Japan’s crude oil stocks dropped 0.8 per cent to its lowest since mid-December, industry data showed, but the fall is unlikely to alarm refiners who are planning to cut output due to weak demand.
Crude inventories in the world’s third-largest oil consumer fell by 124,000 kilolitres (0.8 million barrels) to 15.12 million (95.1 million barrels) in the week to Jan. 12, the Petroleum Association of Japan (PAJ) said.
The stocks were now near their lowest level since early-2006.
The decline came as Japanese refiners boosted the refinery utilisation rate by 1.1 per centage point to 90.4 per cent.
Analysts said they were not worried about the low stock levels since some refiners had announced plans to cut production to match slow domestic demand amid high oil prices.
Cosmo Oil Co said it had cut its crude refining for January by 140,000 kilolitres (about 28,000 barrels per day) from its original plan to 2.719 million kl, following a similar announcement by Nippon Oil earlier this week. The cut in crude processing by Nippon Oil and Cosmo alone equals about 66,000 kl per week, Reuters calculations show.

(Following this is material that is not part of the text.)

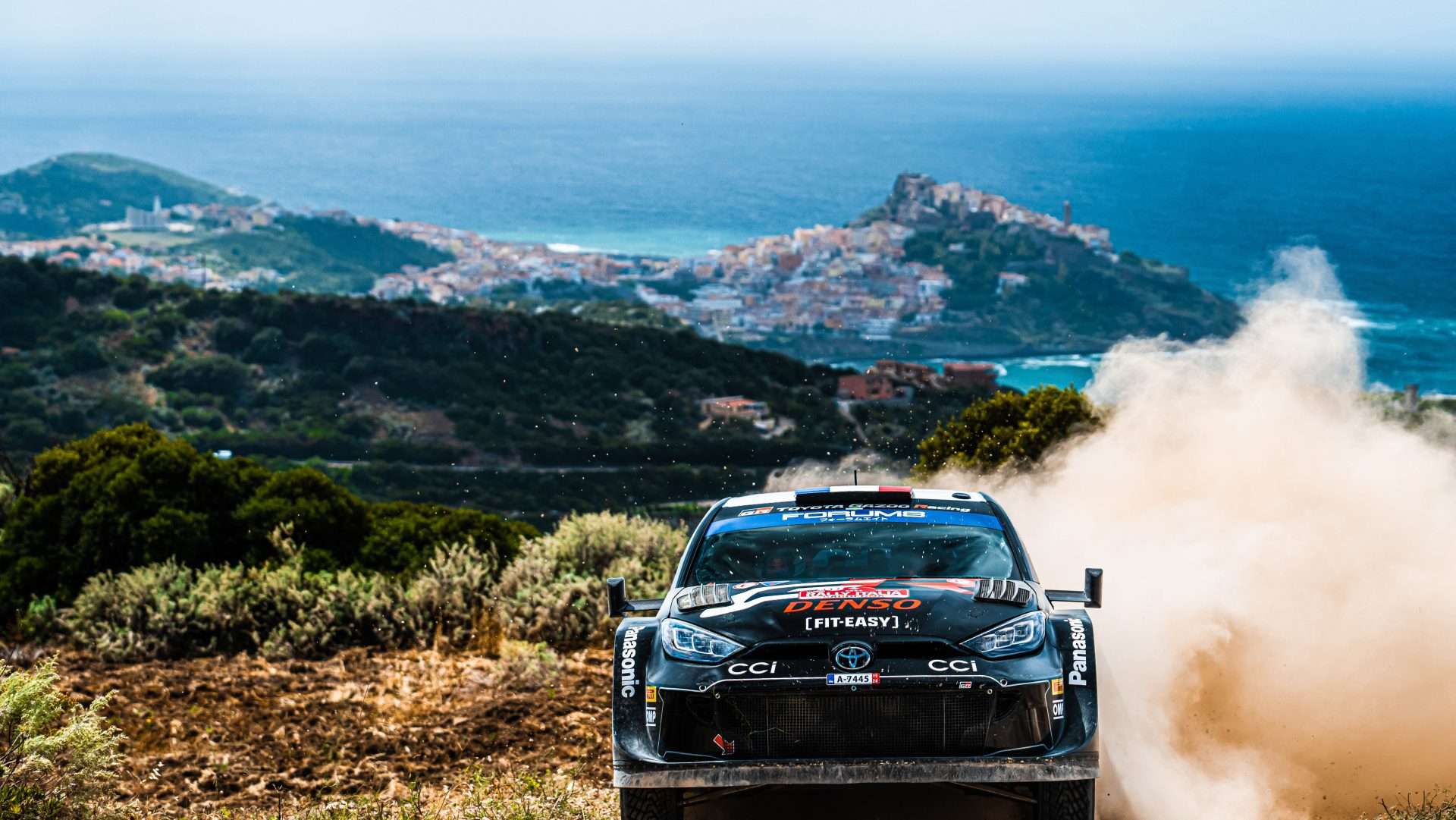 Ogier, İtalya’da İkinci Günün Ardından Tänak’ı Geride Bıraktı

An industry source said some other Japan-based refiners including Exxon Mobil’s Japan group could also cut output.
Stocks of kerosene for heating fell 43,000 kl (about 270,000 barrels) from the week before to 4.14 million kl as output declined, indicating slow sales and a mild start to the peak winter season.
Analysts said the latest kerosene stocks stood around eight per cent lower from a year earlier.
“Kerosene demand is really down in central Japan and compared to gas and electricity, kerosene is expensive,” said Akira Kamiyama, a derivatives trader at Mitsui & Co.
“Since the start of the new year, it hasn’t been really cold in Western Japan, and even if it gets colder, I don’t expect demand for kerosene to increase significantly.”